Despite the tumor-shrinking medical miracle that has bought her a few years, Hazel has never been anything but terminal, her final chapter inscribed upon diagnosis. But when a gorgeous plot twist named Augustus Waters suddenly appears at Cancer Kid Support Group, Hazel’s story is about to be completely rewritten.

Same case with numer 3, I am hoping that this book can touch me the way Stephen Chbosky did. The plot seems to be promising enough….

5. To Kill A Mockingbird by Harper Lee

The unforgettable novel of a childhood in a sleepy Southern town and the crisis of conscience that rocked it. To Kill A Mockingbird became both an instant bestseller and a critical success when it was first published in 1960. It went on to win the Pulitzer Prize in 1961 and was later made into an Academy Award-winning film, also a classic.

You don’t need further introduction because this book is classic and sick at the same time! I simply love the background of the story, the sleepy Southern town, the characters, the problems, and even the weathers! Harper is truly a genius author who knows how to create a complex yet still easy to read story.

6. The Night Circus by Erin Morgenstren

The circus arrives without warning. No announcements precede it. It is simply there, when yesterday it was not. Within the black-and-white striped canvas tents is an utterly unique experience full of breathtaking amazements. It is called Le Cirque des Rêves, and it is only open at night. 

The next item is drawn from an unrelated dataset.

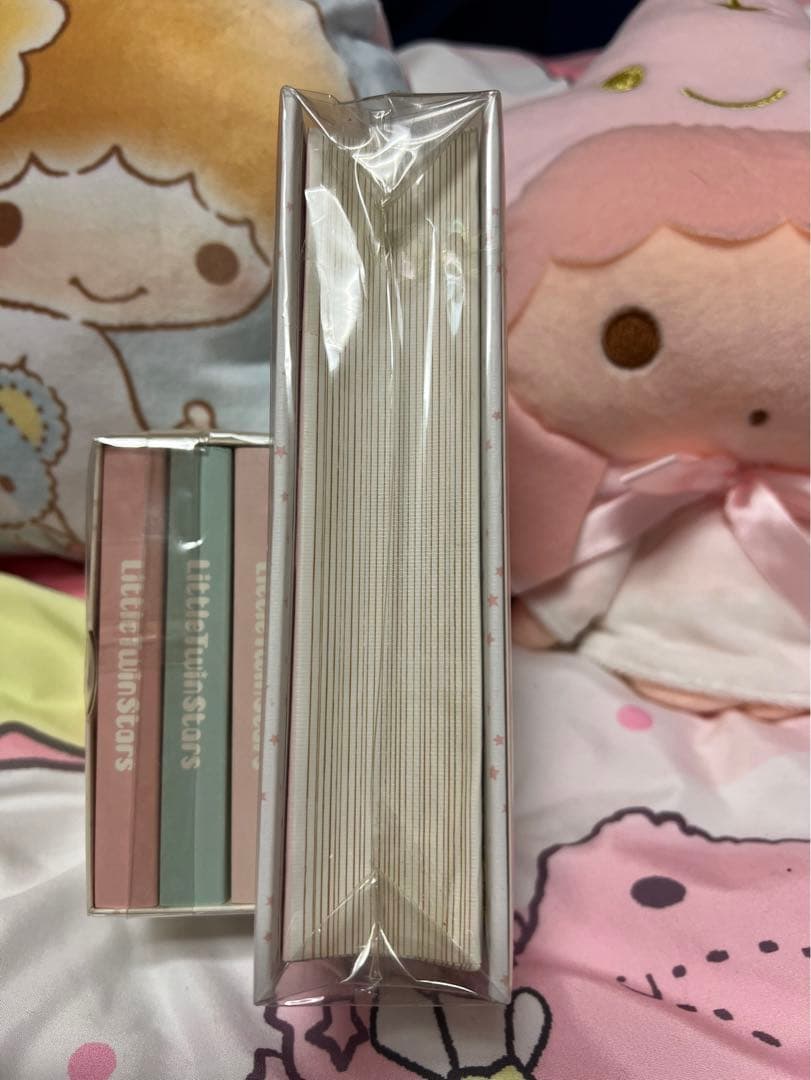 サンリオ キキララ 金髪 2013年BOOK型ケース＆ BOOK型メモ セット☆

But behind the scenes, a fierce competition is underway—a duel between two young magicians, Celia and Marco, who have been trained since childhood expressly for this purpose by their mercurial instructors. Unbeknownst to them, this is a game in which only one can be left standing, and the circus is but the stage for a remarkable battle of imagination and will. Despite themselves, however, Celia and Marco tumble headfirst into love—a deep, magical love that makes the lights flicker and the room grow warm whenever they so much as brush hands. 

True love or not, the game must play out, and the fates of everyone involved, from the cast of extraordinary circus per­formers to the patrons, hang in the balance, suspended as precariously as the daring acrobats overhead.

Ah…love, magic, and faith-is-a-bitch in one book? It sounds like Twilight Saga with no Bella or, at least, stronger Bella. Honestly, one thing that makes me see the book is the illustration. Let’s hope the story is as good as the cover. Okay, and it’s pretty much cheaper than the rest.